Your copy should start at the line with "17 N Madison Ave #5, La Grange, IL 60525" and end at the line with "Noruegos con banderas" in the data below. Transcribe only those lines, exactly, pictures excluded.

*Provided records*

+===+

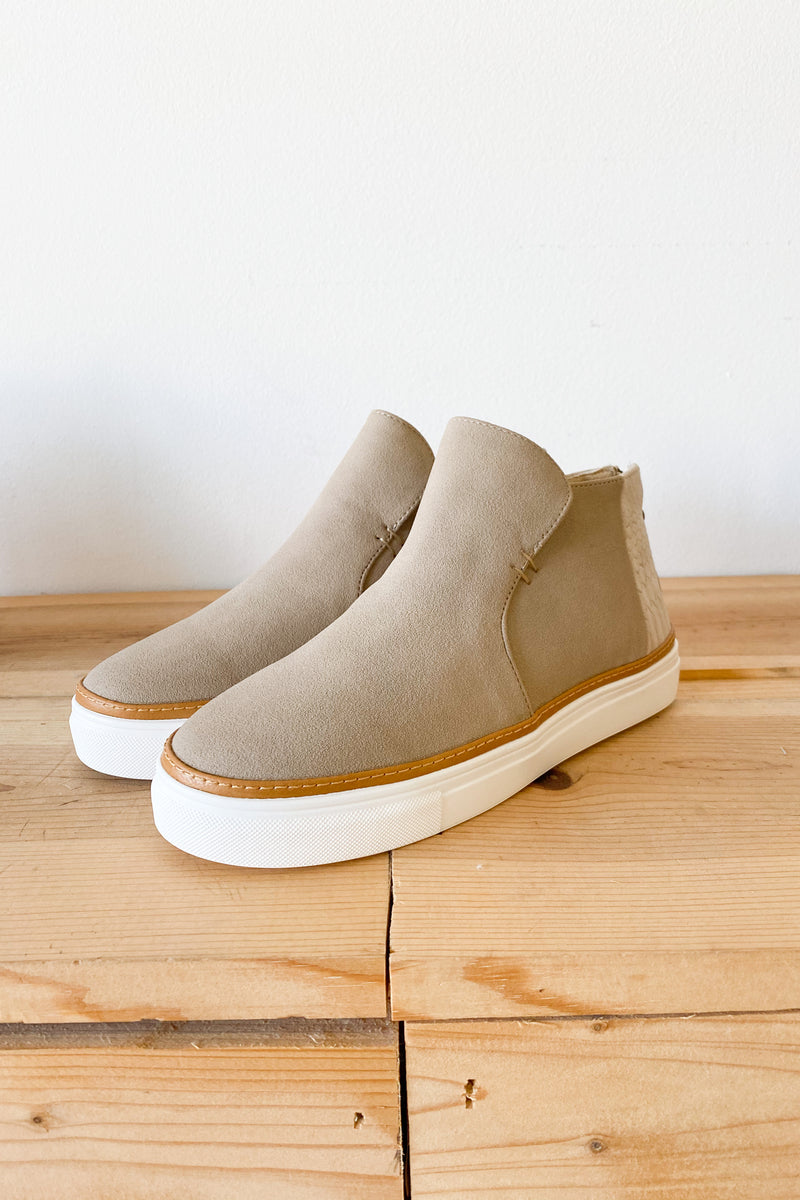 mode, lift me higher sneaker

+===+

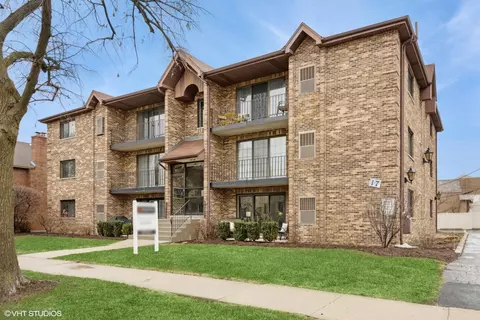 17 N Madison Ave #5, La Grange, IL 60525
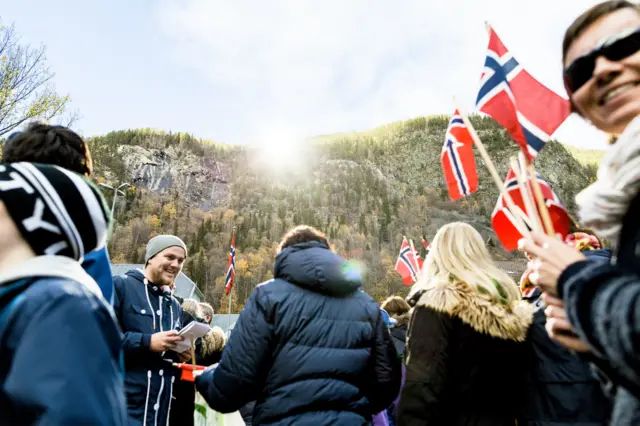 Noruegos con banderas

+===+

*Written response*
 17 N Madison Ave #5, La Grange, IL 60525
 Noruegos con banderas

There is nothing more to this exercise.